This week the local chapter of the Canadian Home Builders Association (CHBA) released a statement in reply to last week's story in Pique , "Non-conforming space bylaw delayed."
According the CHBA, the article - based on back and forth discussions at the council meeting - contained some misinformation, and misstated the intention of the proposed bylaw. The CHBA says the goal of the proposed bylaw is not to build larger homes or exceed the current limit of 5,000 square feet, but to increase public safety, bring homes into conformance and change the measuring system from square footage to volume.
"The public's safety must and always has been our number one reason for pushing for this bylaw change," wrote CHBA Sea to Sky president Eric Prall. "To date, there has been a gross non-compliance with illegal spaces that are turned into unpermitted living spaces in Whistler, once a new build has been completed.
"Our objective with this proposed bylaw change has never been about building larger houses, as reported last week; rather it is about taking existing houses that are non-conforming and having the ability to bring them into conformity... The bylaw also addresses new construction by using 'volumetrics' calculation."
Passing a voluntary volumetrics bylaw, said the CHBA, will not give consumers or builders the opportunity to build bigger houses, but to make effective use of the space/volume that has already been permitted.
The CHBA provided an example of two houses:
House A (Existing bylaw.) This house is designed to meet the bylaw setback, height restrictions and has a maximum square footage requirement. What has been happening in some cases is as follows: the house gets completed and occupancy permit issued. The owner then proceeds with converting certain space within the building into added living space. Often this converted space does not meet building code and safety egress requirements. This space now becomes unsafe in the event of fire etc.
House B (Proposed bylaw.) This house is designed to the same bylaw requirements, but has no maximum square footage requirements. From the street, the two houses could look exactly the same as they both have the same volume, however House B may have more square footage added inside the house. This is accomplished by the Architect/Engineer incorporating that footage into the volume of the house. The footage is designed to meet all code/egress requirements and is reviewed/approved by the Building department. The entire house meets code requirements and is safe.
The same process applies for when a renovation plan is provided to the Building Department for a home that has nonconforming space. Currently, there are many owners who may want to renovate, but will only proceed with the work without a permit and proper inspections because their non-conforming space would be exposed. This results in perpetuating the situation, as well as seeing the RMOW missing out on permit fees that would otherwise be paid of the work were done legally. The proposed bylaw would allow many homeowners to proceed with these renovations.

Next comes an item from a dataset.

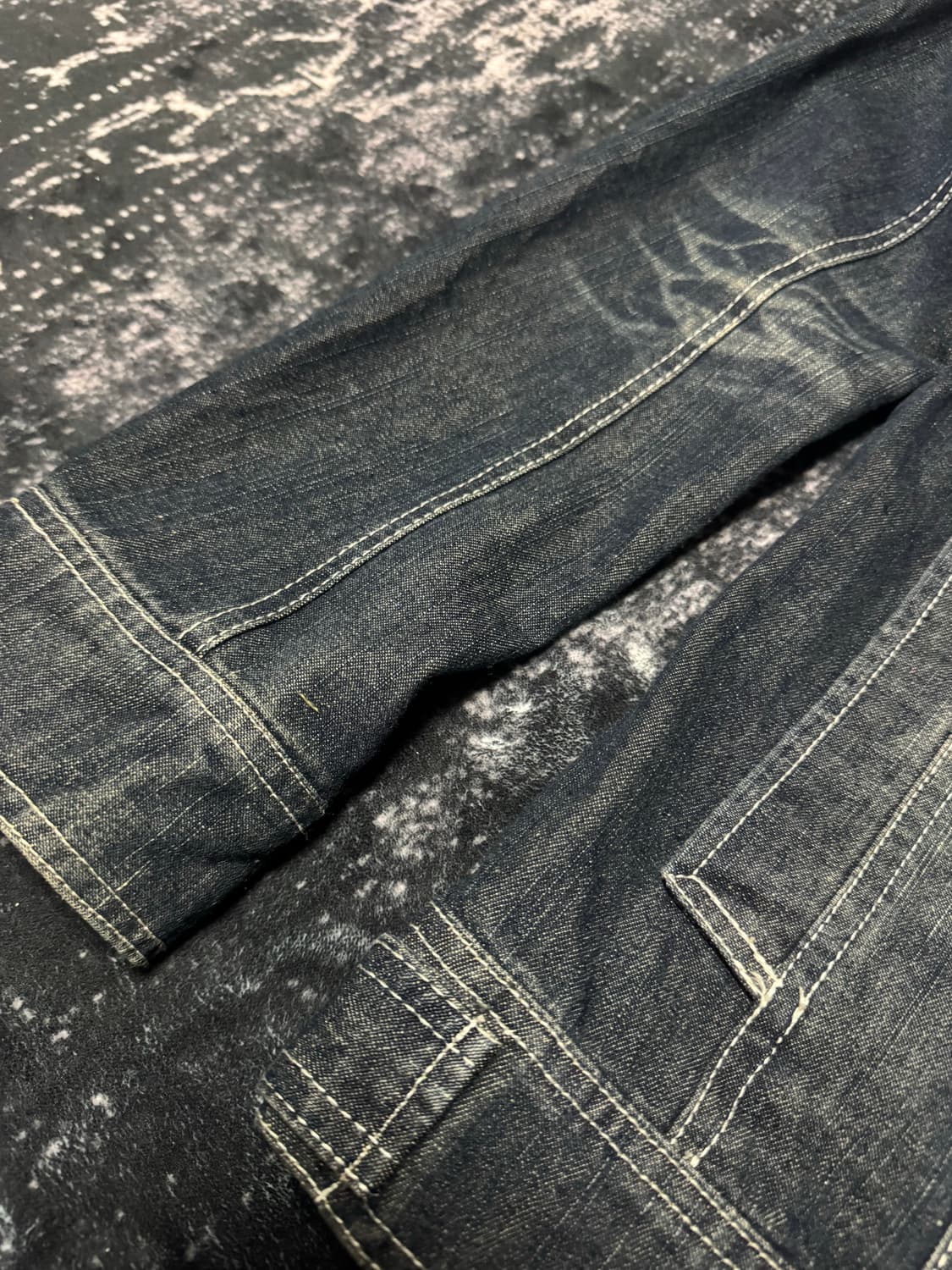 “In The Attic”Road dust denim jacket 상품이미지3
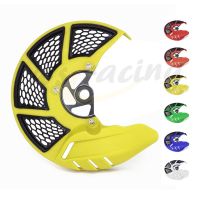 Motorcycle Front Brake Disc Rotor Guard Cover Protector For Suzuki RMZ250 RMZ 250 07-19 RMZ450 RMZ 450 05-19 RMX450Z 2010-2017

The CHBA has been working on the bylaw for over eight years, and was delayed by council once again as it was referred back to staff for review.
Bob Deeks from RDC Fine Homes has been following the issue closely, and said he believes the bylaw could result in smaller homes by making more effective use of the space.
"The current bylaw is unenforceable (and) anecdotal evidence suggests that 80 per cent of new construction has some form of non-conforming space requiring a section 219 covenant," he wrote in an email, emphasizing that non-conforming spaces create safety code issues.
"The volume calculation method would actually result in a smaller house size with regard to massing and volume than the current bylaw," he added. "Energy use would be reduced both in construction and heating as the maximum size would be reduced. In fact this would result in greater overall efficiency as people would be encouraged to maximize the living space inside a given volume."
Because non-conforming space already exists in all types of homes, Deeks said the focus should be on remediating that space to bring it into code rather than maintaining the status quo.
Said Deeks: "When faced with such gross non-compliance, should we not consider a better way that meets the current needs of residents today?"